De GR16 loopt van de bron in Aarlen tot aan de monding van de rivier nabij Monthermé in Frankrijk. Het is de ideale leidraad om de Semois te leren kennen. Pas vanaf Florenville wordt de route echt interessant, dan wordt het terrein heel geaccidenteerd. De GR duikt geregeld in en uit de vallei zodat de hoogteverschillen serieus oplopen. Onderschat de tocht dus niet, na 20-25 kilometer op één dag zul je al behoorlijk verzadigd zijn. Sommige uitzichtpunten behoren tot de wildste en mooiste in heel België. De laddertjes ‘Les Echelles’ nabij Rochehaut zorgen voor wat extra avontuur.
Een interessante doorsteek is de oude spoorweg L163 van Bertrix tot Muno. Deze oude spoorweg valt uiteen in drie stukken : net ten zuiden van Bertrix een zone met oude leisteengroeves, dan het doorkruisen van de Semoisvallei met een hele reeks tunnels en viaducten (waarvan sommige nu afgesloten) en dan in het zuiden bij Muno en St-Cécile een vlakker stuk dat veranderd is in Ravelfietspad. Er zijn plannen om ook andere stukken als fietspad in te richten. Wie van avontuur in lost places houdt, zal dit verslag van Luc Selleslagh ongetwijfeld interessant vinden: http://www.trekkings.be/L163Avoorstelling.htm.

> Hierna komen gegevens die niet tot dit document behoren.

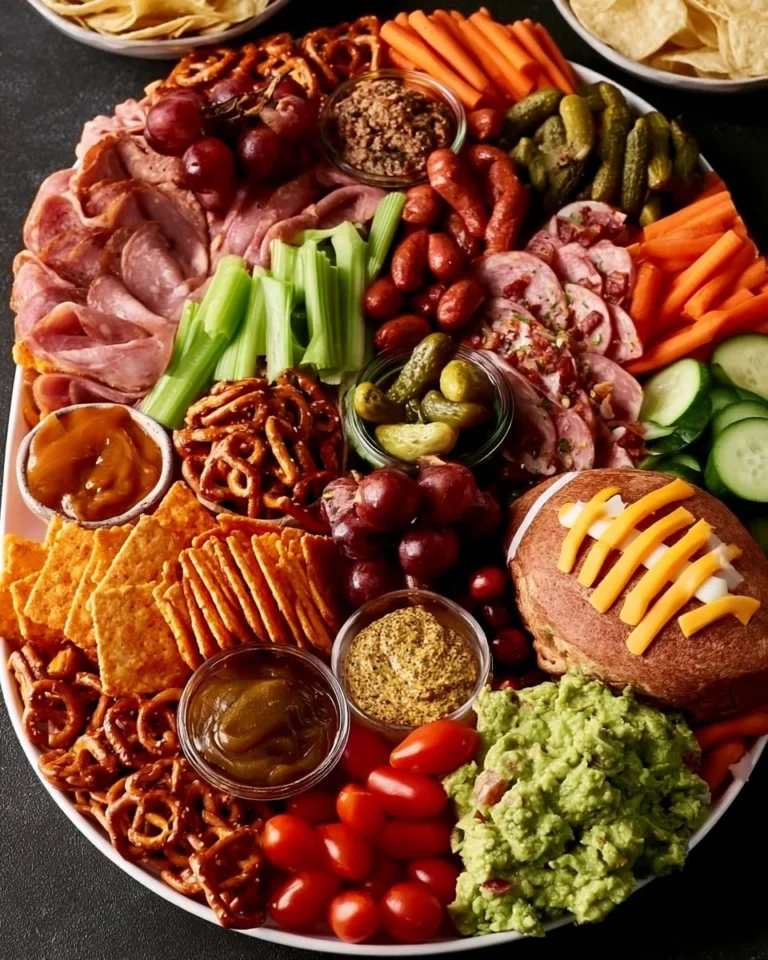 Delicious game day charcuterie board with meats, cheeses, and snacks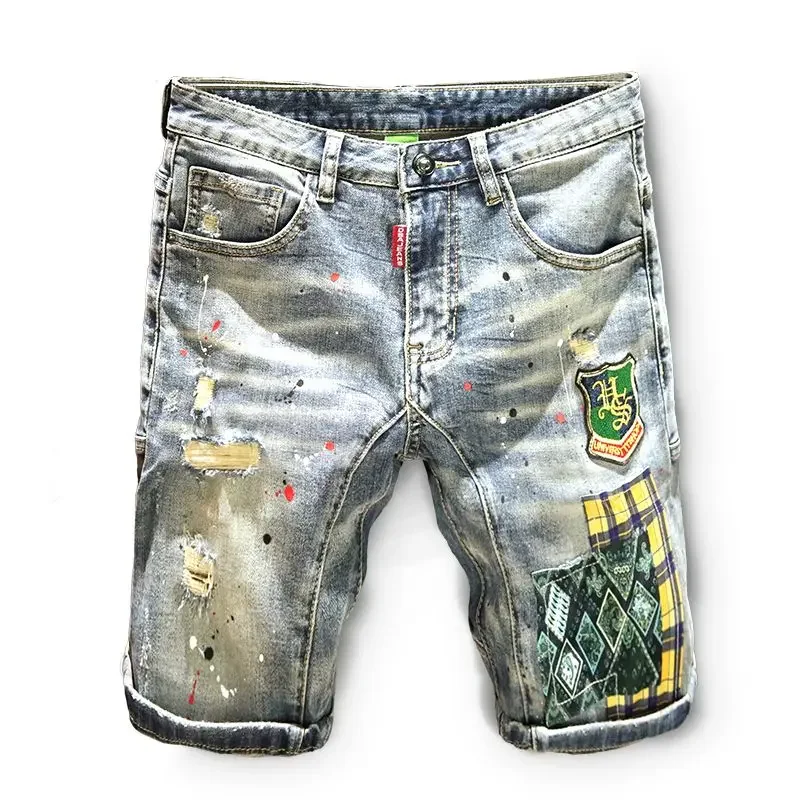 Male Denim Shorts Rude Ripped Straight Multi Color Men\'s Short Jeans Pants Streetwear Original Vintage Y2k Fashion Stretch Cut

Veel kleine zijvalleien van de Semois en de uitgestrekte bossen ten zuiden en ten noorden van de Semoisvallei blijven onbekend bij de toerist en worden ook niet gepromoot via padennetwerken of dergelijke. Wie wat zin heeft voor avontuur kan hier met de stafkaart in de hand zijn eigen parcours uitstippelen en verrast worden door de eenzaamheid, de valleien die omgevormd zijn door bevers, de plotse ontmoetingen met herten en reetjes.